Ronin. Gry, które prawdopodobnie ominąłeś w 2015 roku
Spis treści
Ronin
Ronin to dzieło jednej osoby – Polaka Tomasza Wacławka, wyraźnie inspirowanego takimi produkcjami jak Mark of the Ninja kanadyjskiego Klei Entertainment w kwestii rozgrywki, zaś Tarantinowskim Kill Billem w warstwie fabularnej. Całość ma przy tym dobrze znany fanom „indyków” rozpikselowany styl graficzny. Tytuł ten łączy w sobie skradankę, dwuwymiarową platformówkę oraz grę turową i choć brzmi to jak trudny do wykonania miszmasz, oferuje naprawdę mnóstwo niegłupiej rozrywki. Wcielamy się w wojowniczkę ninja, napędzaną żądzą zemsty za śmierć swoich najbliższych – tym jednak nieszczególnie musicie się przejmować, bo akurat historia w Roninie gra trzecie lub nawet czwarte skrzypce. Tym, co sprawiło, że produkcja ta zyskała u nas miano jednej z najlepszych wakacyjnych nowinek, jest nietypowa rozgrywka: dopóki nie zostaniemy wykryci przez przeciwników, musimy skradać się przez korytarze korporacji, eliminując wrogów z ukrycia i zabezpieczając dane.
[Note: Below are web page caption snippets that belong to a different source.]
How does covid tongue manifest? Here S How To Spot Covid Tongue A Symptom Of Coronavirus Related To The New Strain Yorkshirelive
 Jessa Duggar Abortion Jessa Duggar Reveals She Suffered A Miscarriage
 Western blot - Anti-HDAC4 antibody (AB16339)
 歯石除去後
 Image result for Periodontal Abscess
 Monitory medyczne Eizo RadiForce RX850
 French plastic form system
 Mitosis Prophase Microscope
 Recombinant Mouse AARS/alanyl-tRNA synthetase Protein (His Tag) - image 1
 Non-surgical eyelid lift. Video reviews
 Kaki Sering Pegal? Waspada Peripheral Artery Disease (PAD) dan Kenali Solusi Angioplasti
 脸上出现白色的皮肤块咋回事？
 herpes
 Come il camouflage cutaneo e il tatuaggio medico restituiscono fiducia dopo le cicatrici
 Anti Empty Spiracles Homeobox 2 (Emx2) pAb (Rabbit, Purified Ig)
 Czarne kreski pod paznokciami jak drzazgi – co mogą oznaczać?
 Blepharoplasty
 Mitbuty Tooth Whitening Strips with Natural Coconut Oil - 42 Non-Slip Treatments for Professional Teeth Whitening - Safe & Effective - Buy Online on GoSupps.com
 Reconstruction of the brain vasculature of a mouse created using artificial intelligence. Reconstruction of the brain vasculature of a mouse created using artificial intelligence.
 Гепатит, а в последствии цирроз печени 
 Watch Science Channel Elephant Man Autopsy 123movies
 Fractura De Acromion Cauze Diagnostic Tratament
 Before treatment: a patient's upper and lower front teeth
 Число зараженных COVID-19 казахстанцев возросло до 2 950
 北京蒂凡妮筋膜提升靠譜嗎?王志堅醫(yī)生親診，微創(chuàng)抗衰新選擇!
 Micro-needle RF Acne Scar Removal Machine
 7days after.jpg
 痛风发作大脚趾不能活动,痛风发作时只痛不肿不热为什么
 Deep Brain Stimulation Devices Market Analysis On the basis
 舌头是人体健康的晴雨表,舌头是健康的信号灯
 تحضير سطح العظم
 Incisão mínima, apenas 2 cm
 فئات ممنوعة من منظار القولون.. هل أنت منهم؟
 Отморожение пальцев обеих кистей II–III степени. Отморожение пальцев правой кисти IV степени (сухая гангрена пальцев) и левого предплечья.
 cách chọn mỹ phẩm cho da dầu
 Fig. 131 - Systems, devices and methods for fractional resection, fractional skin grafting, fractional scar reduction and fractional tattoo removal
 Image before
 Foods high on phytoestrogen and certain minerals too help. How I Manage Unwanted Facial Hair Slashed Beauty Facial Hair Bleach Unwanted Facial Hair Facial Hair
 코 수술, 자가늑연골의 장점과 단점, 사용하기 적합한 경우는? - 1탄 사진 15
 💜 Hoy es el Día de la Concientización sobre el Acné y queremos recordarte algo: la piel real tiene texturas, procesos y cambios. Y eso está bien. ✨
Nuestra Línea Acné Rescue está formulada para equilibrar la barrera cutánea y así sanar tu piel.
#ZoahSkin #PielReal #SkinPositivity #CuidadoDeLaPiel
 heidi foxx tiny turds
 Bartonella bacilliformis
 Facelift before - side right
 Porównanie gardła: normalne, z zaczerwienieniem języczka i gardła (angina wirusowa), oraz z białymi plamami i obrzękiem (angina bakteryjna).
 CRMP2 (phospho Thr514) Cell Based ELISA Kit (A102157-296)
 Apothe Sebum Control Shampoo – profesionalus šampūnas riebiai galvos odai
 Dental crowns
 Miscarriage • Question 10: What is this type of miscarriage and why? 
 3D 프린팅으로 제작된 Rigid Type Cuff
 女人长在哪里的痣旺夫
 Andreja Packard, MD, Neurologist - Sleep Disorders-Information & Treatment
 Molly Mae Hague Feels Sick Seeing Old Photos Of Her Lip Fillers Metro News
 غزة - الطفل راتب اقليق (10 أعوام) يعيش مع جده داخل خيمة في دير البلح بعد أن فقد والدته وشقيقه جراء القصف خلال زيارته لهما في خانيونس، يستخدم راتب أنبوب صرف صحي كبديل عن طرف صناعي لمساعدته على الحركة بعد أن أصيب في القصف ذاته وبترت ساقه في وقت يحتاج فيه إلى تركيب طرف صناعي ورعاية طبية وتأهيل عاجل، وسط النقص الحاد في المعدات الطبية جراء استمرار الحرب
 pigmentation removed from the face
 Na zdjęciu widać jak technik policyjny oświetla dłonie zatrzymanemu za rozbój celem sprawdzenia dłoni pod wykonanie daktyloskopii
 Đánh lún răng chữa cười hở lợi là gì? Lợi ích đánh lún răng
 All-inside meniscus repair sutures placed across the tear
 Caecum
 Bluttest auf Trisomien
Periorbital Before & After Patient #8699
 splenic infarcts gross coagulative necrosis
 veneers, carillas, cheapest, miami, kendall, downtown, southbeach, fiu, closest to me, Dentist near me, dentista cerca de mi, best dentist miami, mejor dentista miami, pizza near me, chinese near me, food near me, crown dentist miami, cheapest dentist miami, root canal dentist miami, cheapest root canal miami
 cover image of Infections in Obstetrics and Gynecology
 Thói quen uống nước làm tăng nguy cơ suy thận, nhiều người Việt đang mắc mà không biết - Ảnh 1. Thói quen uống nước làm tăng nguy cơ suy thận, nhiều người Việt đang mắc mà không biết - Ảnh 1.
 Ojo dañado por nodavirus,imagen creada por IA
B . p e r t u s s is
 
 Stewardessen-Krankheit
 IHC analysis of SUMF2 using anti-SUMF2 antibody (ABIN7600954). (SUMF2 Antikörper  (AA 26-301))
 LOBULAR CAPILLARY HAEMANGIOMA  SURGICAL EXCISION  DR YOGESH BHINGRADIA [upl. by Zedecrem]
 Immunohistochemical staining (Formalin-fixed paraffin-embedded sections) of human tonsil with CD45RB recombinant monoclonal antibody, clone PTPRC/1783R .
Do tego momentu poruszamy się w czasie rzeczywistym, gdy jednak ktoś wreszcie zauważy naszą obecność, rozpoczyna się walka w turach: musimy korzystać z nieustannie rozwijanych umiejętności bohaterki i odpowiednio planować kolejne ruchy, by nie zostać ustrzelonym przez ochroniarzy, cyborgi oraz innych ninja. I choć każde posunięcie da się analizować bez końca, a w odpowiednim ich egzekwowaniu pomaga możliwość zatrzymania czasu, Ronin bynajmniej nie należy do łatwych tytułów – bez sporej dawki logicznego myślenia od razu zostaniemy postawieni w sytuacji bez wyjścia.